I, indubitably being of the lazy disco type, wanted to press a button (or run a simple command) and receive a report when I found myself in the hot seat. Of course, this problem has been solved the world over and I had to do it my way because I’m a developer so I started investigating parsing libraries and ran across, what was at the time, some WebGain documentation on JavaCC. Unfortunately for me, I didn’t have the attention span to figure things out and eventually went the regex route via Jakarta’s ORO library.

Tom Copeland’s “Generating Parsers with JavaCC” has, without a doubt, shown me the error of my ways all those years ago. His masterpiece on JavaCC serves as the reference for this handy library– indeed, a major portion of this book documents every detail of generating parsers by clearly unveiling the particulars of tokenizing, parsing, error handling, and even testing JavaCC parsers, just to name a few.
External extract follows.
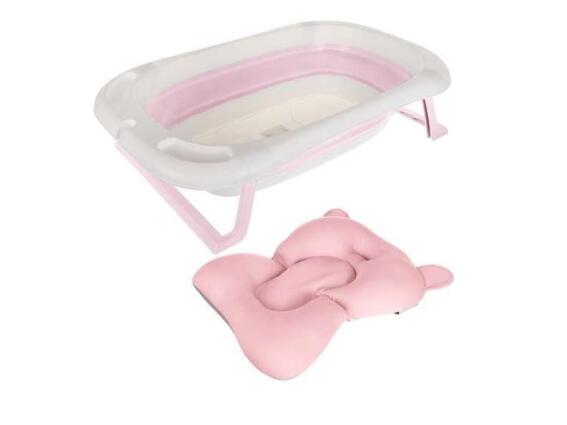 Aria Trade Μπανιέρα Μωρού με Θερμόμετρο και Μαξιλάρι Στήριξης Ροζ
I particularly enjoyed the chapter on JavaCC’s JJTree preprocessor as it tied in a lot of the details, for me personally, of writing custom PMD rules.

Indeed, now that DSLs are all the rage these days (I’d go so far as to label them hip, baby), “Generating Parsers with JavaCC” can easily enable adventurous types to assemble mini-languages (and obviously parse and handle them via JavaCC). Because it’s his bag, Tom does a great job in chapter 11 of enumerating a few examples of doing so, in fact. What’s particularly amusing for me is that he shows an example of parsing Apache’s web logs.

I was eventually able to keep on truckin’ by running a single command to receive a detailed report of various goings on in the order processing application I mentioned earlier– my trippin’ little utility made heavy use of regular expressions and served its purpose well enough. But, after reading “Generating Parsers with JavaCC” I realize that my job could have been a bit easier had I just relied on JavaCC to do the heavy lifting of parsing the application’s log files. You can bet that if I find myself in a similar situation in the future, you’ll find me coding away with a well marked up, heavily worn copy of “Generating Parsers with JavaCC” by my side. Give this groovy book a read– you’ll find yourself smarter for it.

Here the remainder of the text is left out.